Henry Baum's book provided a surreal reading experience, as many things that jump into the Meta tend to do. However, by and large, I think Baum kept a deft hand on the plot, driving it forward with building momentum. Personally I would have enjoyed seeing more of the world and more of its characters, especially in the latter part of the novel. Instead, The American Book of the Dead is a tight, character-centered book that has some urgency in its message. Why? Because Baum's frightening future is something that could easily happen, barring the magical-like things that happen.
If you're in a reading slump and curious to try something bizarre, check out The American Book of the Dead. Even though I would have liked more development with some of the characters and settings, it still was a fun romp through genre-defying madness. And if you've read and enjoyed some Vonnegut (Slaughterhouse Five particularly comes to mind), you should definitely give this a try.

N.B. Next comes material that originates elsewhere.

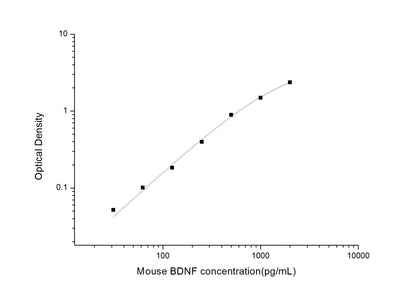 Mouse BDNF ELISA, 3.5 hour assay, sensitivity of 18.75 pg/mL, range of 31.25-2000 pg/mL, 37 known citations.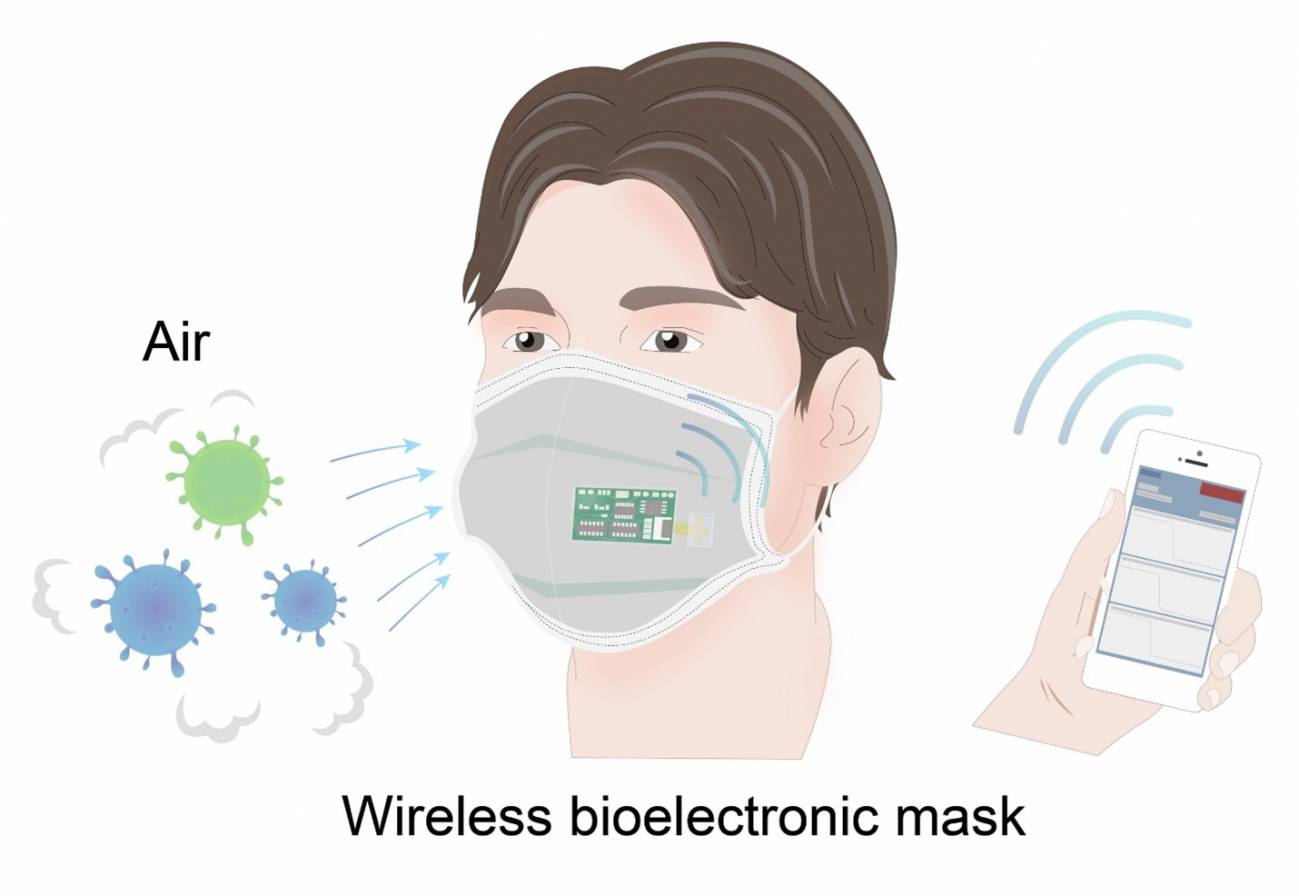 Esquema de la nueva mascarilla bioelectrónica portátil para la detección de virus de enfermedades respiratorias infecciosas en el aire. / Matter/Wang et al.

FTC Thingy: I received this book for free from Mr Henry Baum himself. Not in person, mind you, but through a machine of different people it did eventually arrive at my house, autographed and lustrous. Mr Baum did not hypnotize me and force me to write a flattering or positive review, and the opinions reflected here are solely my own. Furthermore, Mr Baum did not include any sort of cookies with my book, so I was under no Cookie Clause, either.